→ ASSIGNMENT:
Make an exact copy of the records, omitting all images.

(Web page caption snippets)
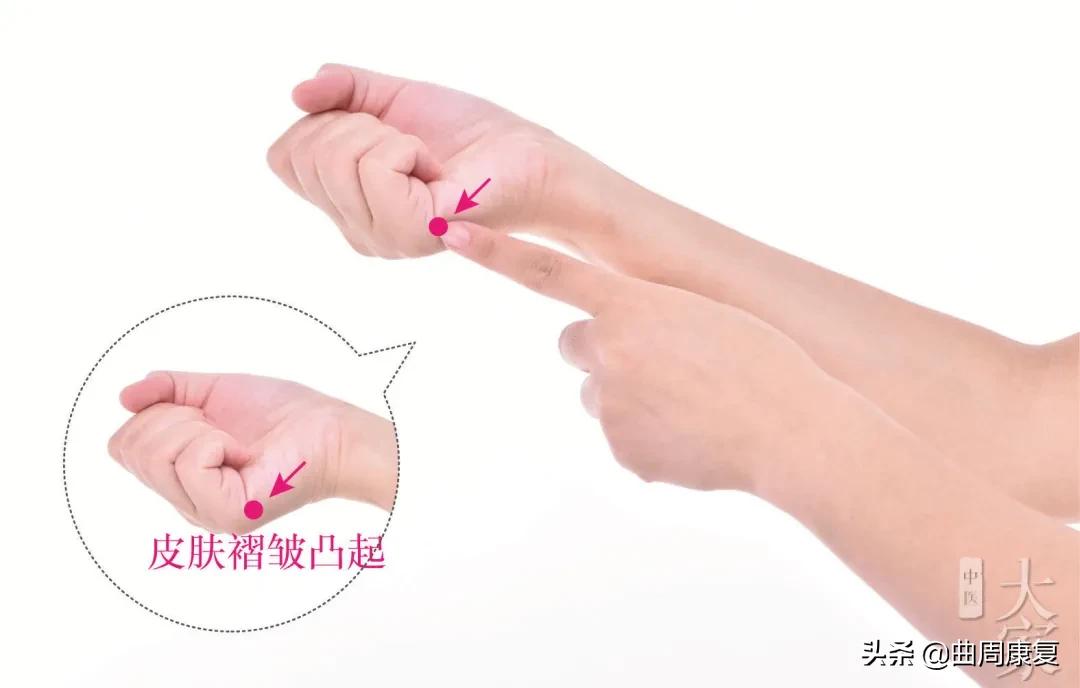 一针透两穴治愈落枕医案,针灸治疗落枕有奇效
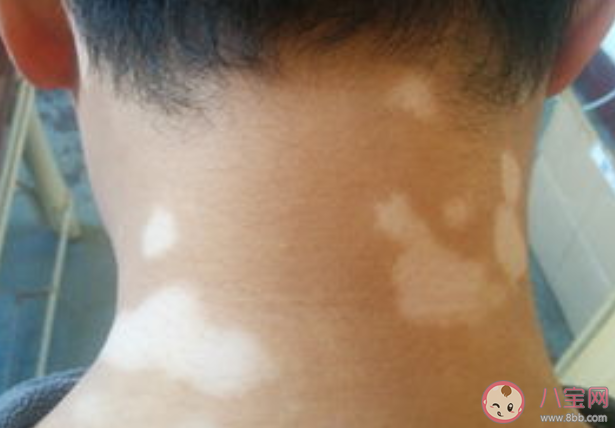 白癜风会导致头发变白吗 白癜风患者可以染发吗 白癜风会导致头发变白吗 白癜风患者可以染发吗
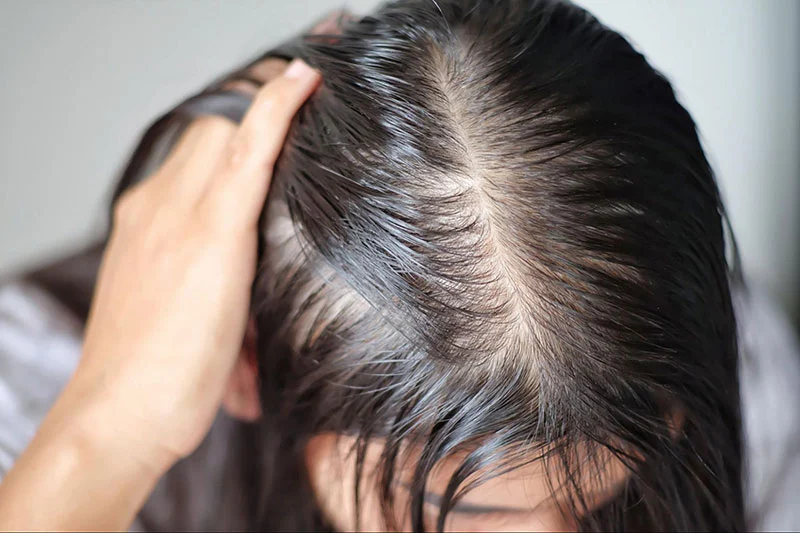 bị ở đỉnh đầu ở nữ
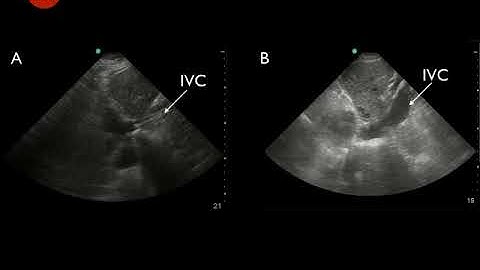 Video 10   collapsible and non collapsable IVC with respiration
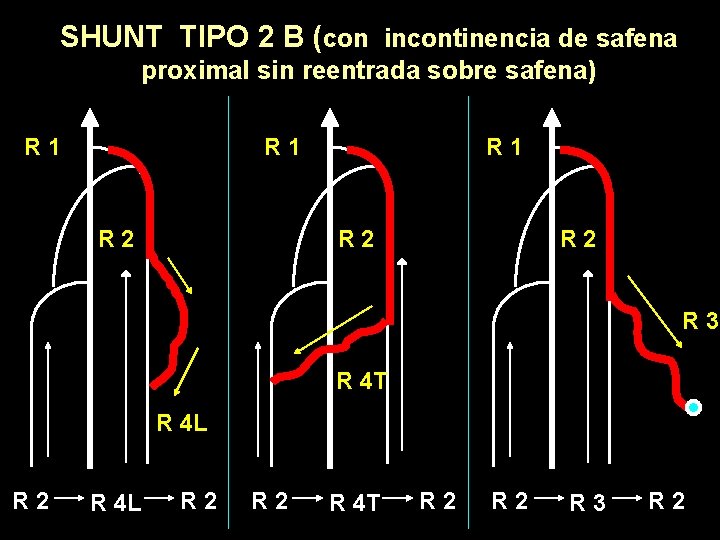 SHUNT TIPO 2 B (con incontinencia de safena proximal sin reentrada sobre safena) R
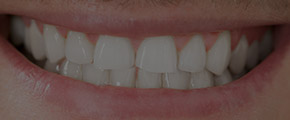 Closeup of healthy smile after restorative dentistry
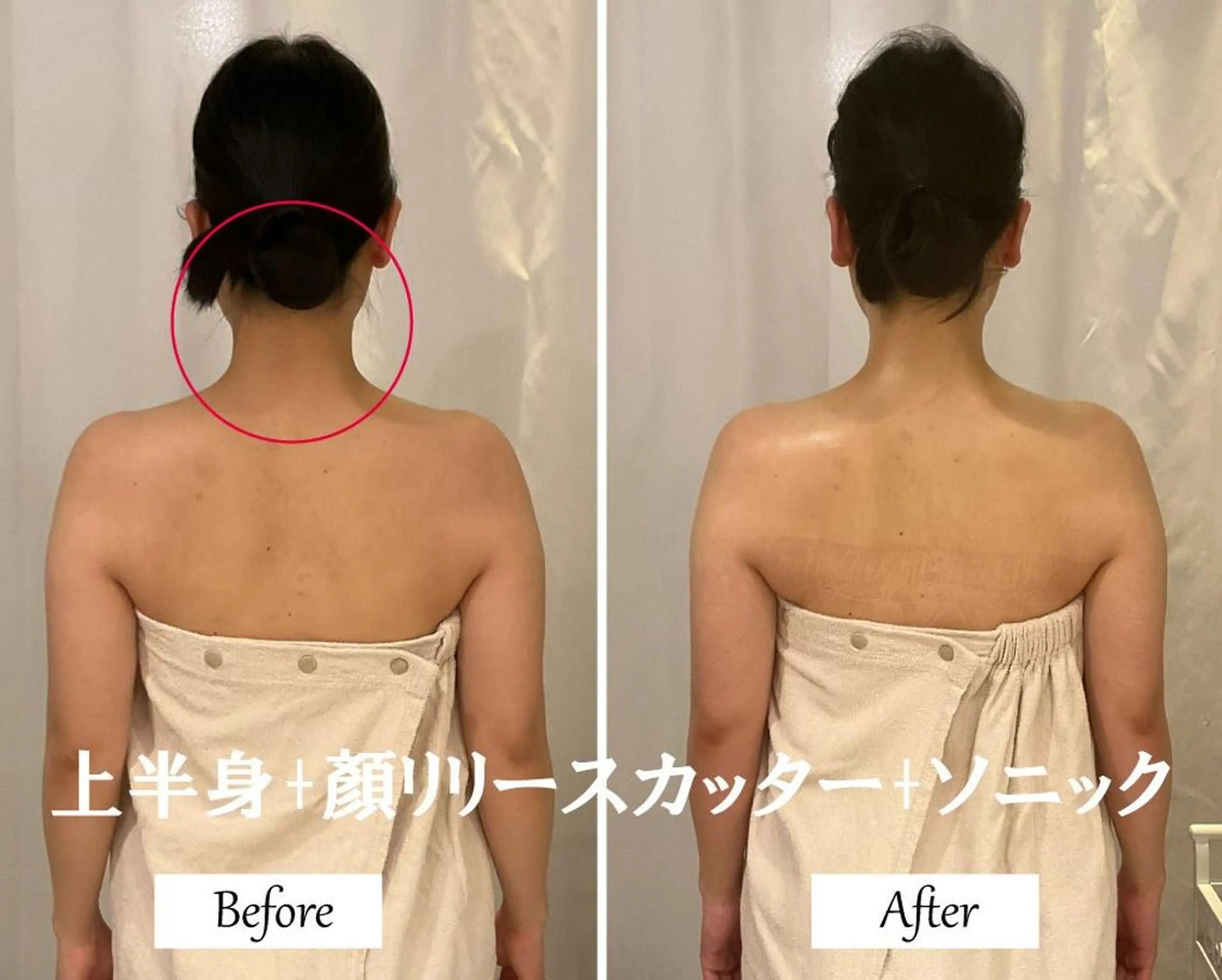 ブライダルサロン ｜Lino【堀江】のエステ・リラクイメージ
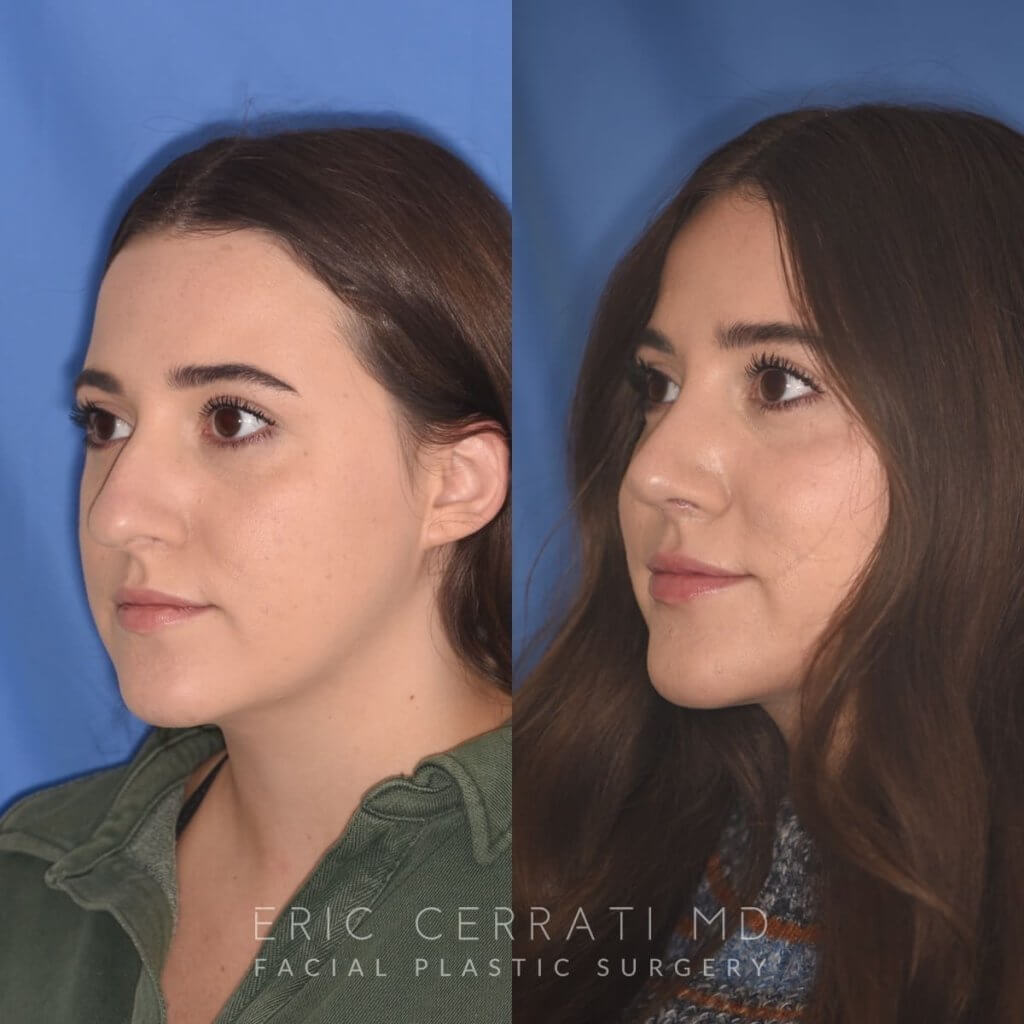 patient before and after rhinoplasty procedure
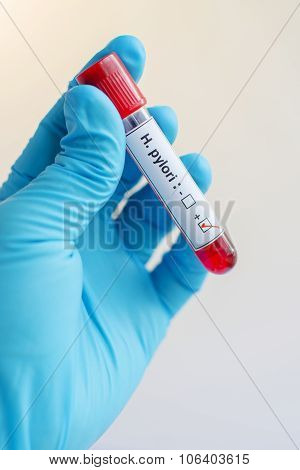Helicobacter pylori blood sample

→ RESPONSE:
 一针透两穴治愈落枕医案,针灸治疗落枕有奇效
 白癜风会导致头发变白吗 白癜风患者可以染发吗 白癜风会导致头发变白吗 白癜风患者可以染发吗
 bị ở đỉnh đầu ở nữ
 Video 10   collapsible and non collapsable IVC with respiration
 SHUNT TIPO 2 B (con incontinencia de safena proximal sin reentrada sobre safena) R
 Closeup of healthy smile after restorative dentistry
 ブライダルサロン ｜Lino【堀江】のエステ・リラクイメージ
 patient before and after rhinoplasty procedure
Helicobacter pylori blood sample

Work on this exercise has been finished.